Occupy Wall Street: Not Here To Destroy Capitalism, But To Remind Us Who Saved It

Occupy Dc
First Posted: 10/27/11 04:40 PM ET Updated: 10/27/11 04:40 PM ET





Over at The New York Times, Nicholas Kristof has enunciated an excellent defense of the Occupy Wall Street demonstrators, aimed at dispelling the notion that the Occupiers are some single-minded mass movement targeting the capitalist system for destruction. In fact, Kristof says, "while alarmists seem to think that the movement is a 'mob' trying to overthrow capitalism, one can make a case that, on the contrary, it highlights the need to restore basic capitalist principles like accountability."
Kristof says that what Occupy Wall Street represents is "a chance to save capitalism from crony capitalists" and an entrenched system of "government-backed featherbed[ding]" that amounts to "socialism for tycoons and capitalism for the rest of us." As Kristof notes, he's seen this before: Years of covering the '90s-era Asian financial crisis brought Kristof face-to-face with the same critique. It's now unspooling in the United States and having its own deleterious effects, such as the near-intractable income inequality that was, at long last, reported on fully this week (perhaps thanks to the presence of the Occupiers themselves).
Kristof's right to suggest that the Occupiers aren't "half-naked Communists aiming to bring down the American economic system." This isn't the "Project Mayhem" of Chuck Palahniuk novels -- we're talking about a movement that's spurring people to move their money from "too big to fail" banks into credit unions. That's not exactly "smash the system." That's more like a group of people seeking out a means to maximize their power within the system, or using consumer choice to preserve, enhance and improve the best parts of the system. As Matt Taibbi notes in a fitting companion piece to Kristof's, "These people aren't protesting money. They're not protesting banking. They're protesting corruption on Wall Street."
Taibbi calls them "cheaters," Kristof calls them "cronies," but the concept of "corruption" is intrinsic to both critiques. In fact, one could well argue that the truest evidence of Wall Street corruption is the fact that prior to the economic collapse, what Wall Street was practicing wasn't really "capitalism" at all.
And here, Kristof absolutely nails it:
Capitalism is so successful an economic system partly because of an internal discipline that allows for loss and even bankruptcy. It's the possibility of failure that creates the opportunity for triumph. Yet many of America's major banks are too big to fail, so they can privatize profits while socializing risk.

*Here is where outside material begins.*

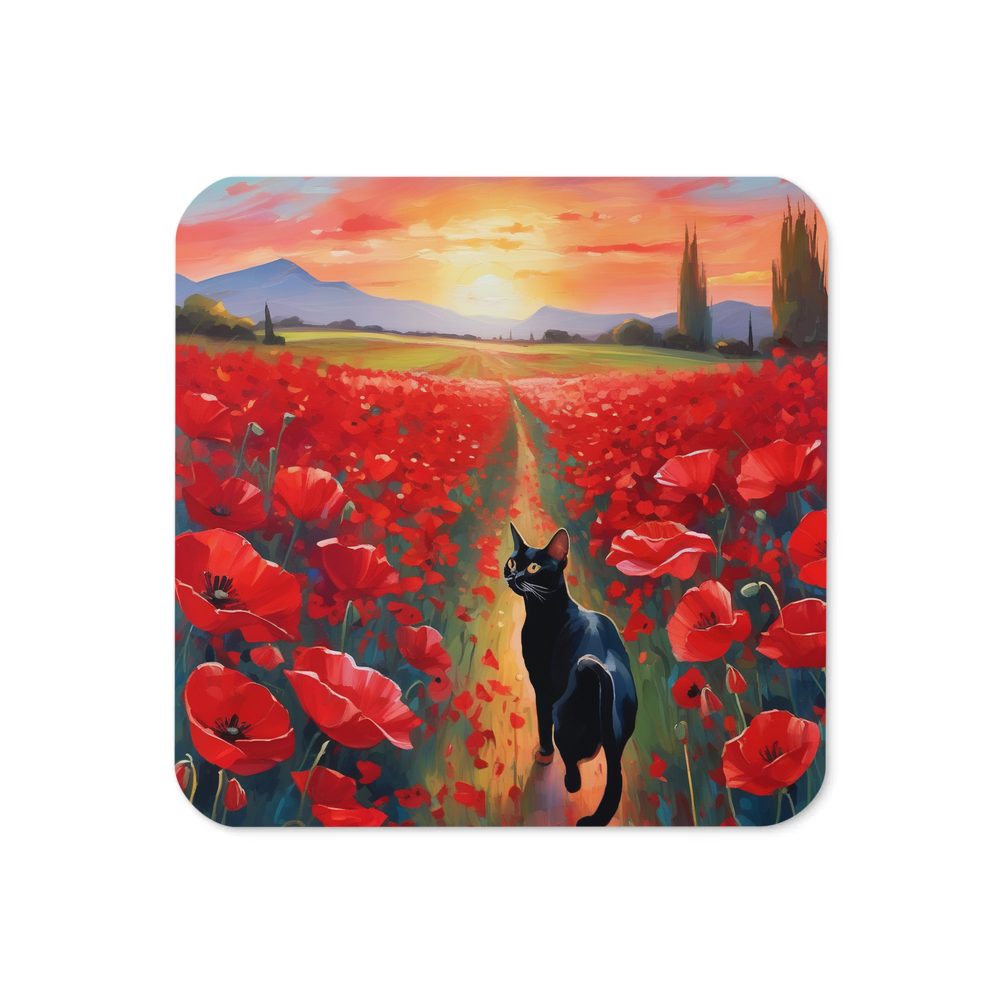 PugMug Custom Black Abyssinian Cat Coaster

Way back when Julie Satow and I were attempting to explain the role the credit derivatives and AIG played in destroying our future, there was one question that resonated with me: What happened to that elementary ingredient of capitalism known as risk? If you want to tell the story of what was going on prior to September of 2008 in one sentence, here you go: Wall Street came to believe that they had finally figured out how to rid themselves of risk -- that "possibility of failure" -- entirely, and thus outsmart capitalism. (Calvin Trillin puts this more artfully than I ever could, here.) Firm in that belief, they bet and they hedged and they overleveraged themselves to the point of pure abuse.
But as we all saw in the fall of 2008, the risk never went away. Rather, it was lying in wait to provide us with a dramatic demonstration of the folly of forgetting about risk. It was very quickly revealed that the pure product of Wall Street's easy-money casino game was actually a coiled-up cock-up cobra ready to bite the global economy in the face, and when it bit, it plunged the global economic system to the brink of calamity.
There are a lot of ways to tell the story about how the world was saved, but the Occupy Wall Street is starting to remind the world of one narrative in particular. When everything seemed ready to collapse, there was one group of people left in this world who had enough cred on the street to save the day -- the American taxpayers. They were the only people left in whom anyone would put their full faith and credit as a sure thing. And it's easy to see why, seeing as they had built the greatest nation on earth out of their combined blood, sweat and tears.
It was the American taxpayers who went to war, on everyone's behalf, with that dread cobra, and they sacrificed $4.7 trillion of their own money to bring everyone back from the brink. That's $4.7 trillion that the American taxpayer willingly parted with, money that could have been put to any other priority. There's still about a trillion and half that hasn't even been returned -- but that's not where our focus should be. Our focus should be on the other scars left by that sacrifice. A massive unemployment crisis, people being kicked out of their homes, college graduates leaving their institutions of higher learning without a clear grasp on a future and saddled with debt (because that's what they were told to do to get ahead in this world) -- that's where our focus should have been, but wasn't, until those folks started gathering in the streets.
Three years later, if you even allude to that sacrifice, you still elicit from all sides the cry of "class warfare." And I'll admit, it's a pretty seductive metaphor. Not long ago, my counter to that charge was to point out that the Occupiers were an encampment of casualties and refugees from the last class war. But I've since realized that while this is a good, glib line, the politics are too convenient. In reality, the people of Occupy Wall Street are the people who fought the last war on everyone's behalf. They are a neglected band of veterans from the Battle To Save The Global Economy. They're attempting to remind America that we all fought on the same side.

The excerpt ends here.